Una minusvalenza si verifica quando si vende una criptovaluta a un prezzo inferiore rispetto al suo costo di acquisto, generando una perdita finanziaria. Dal punto di vista fiscale, in Italia, queste minusvalenze possono essere utilizzate per compensare le plusvalenze (guadagni) ottenute dalla vendita di altre criptovalute, riducendo così l’imposta dovuta.​

Periodo di compensazione delle minusvalenze

A partire dal 2023, la normativa italiana stabilisce che tali minusvalenze siano compensabili entro cinque anni, incluso l’anno in cui sono state realizzate.

Non c’è una distinzione tra minusvalenze realizzate nel 2023 o nel 2024: il periodo è sempre di cinque anni, ma è importante considerare che il primo anno utile è quello stesso in cui la minusvalenza è stata generata

Ad esempio, una perdita registrata nel 2024 può essere compensata fino al 2028, considerando come primo anno il 2024 stesso.

È importante notare che  le minusvalenze realizzate prima del 2023 non possono essere usate per compensare le plusvalenze future.

Perché? Prima del 2023 le criptovalute erano considerate “valute estere”, e non esisteva una normativa chiara che permettesse la compensazione delle perdite.

Come compensare le minusvalenze 

Esempio pratico di compensazione minusvalenze

Immagina questa situazione:

  • Nel 2024 hai una perdita complessiva di 10.000 euro: quindi 10.000 euro di minusvalenza
  • Sempre nel 2024, realizzi anche un guadagno complessivo di 5.000 euro 

Cosa succede?

  • Compensi i 5.000 euro di guadagno con parte della perdita.
  • Non paghi nessuna imposta.
  • E ti rimangono altri 5.000 euro di minusvalenza da usare negli anni successivi.

Andiamo avanti.

Nel 2025:

  • Realizzi un nuovo guadagno, una plusvalenza da 3.000 euro
  • Hai ancora 5.000 euro di minusvalenze “salvate” dall’anno precedente.
  • Quindi puoi compensare anche questi 3.000 euro: non paghi nulla nemmeno stavolta.

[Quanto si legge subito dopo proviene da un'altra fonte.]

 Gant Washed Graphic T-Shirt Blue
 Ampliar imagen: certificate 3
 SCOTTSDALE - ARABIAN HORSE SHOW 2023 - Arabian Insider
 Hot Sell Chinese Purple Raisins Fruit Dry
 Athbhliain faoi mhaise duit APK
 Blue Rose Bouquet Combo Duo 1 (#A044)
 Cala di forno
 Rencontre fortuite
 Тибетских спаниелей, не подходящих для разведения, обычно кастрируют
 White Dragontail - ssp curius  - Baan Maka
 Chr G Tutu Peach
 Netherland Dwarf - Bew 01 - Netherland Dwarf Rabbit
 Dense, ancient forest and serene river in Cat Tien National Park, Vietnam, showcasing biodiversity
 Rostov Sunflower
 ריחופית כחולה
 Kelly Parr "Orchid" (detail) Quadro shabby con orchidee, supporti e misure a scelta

Ti restano ancora 2.000 euro di minus disponibili.

Nel 2026, guadagni 15.000 euro.

  • Ora puoi usare i 2.000 euro di minusvalenze che ti restavano.
  • Quindi pagherai l’imposta solo su 13.000 euro, non su 15.000.

Risultato finale? Hai pagato imposte solo su una parte dei tuoi guadagni, risparmiando grazie alle perdite degli anni precedenti.

Quali minusvalenze si possono compensare?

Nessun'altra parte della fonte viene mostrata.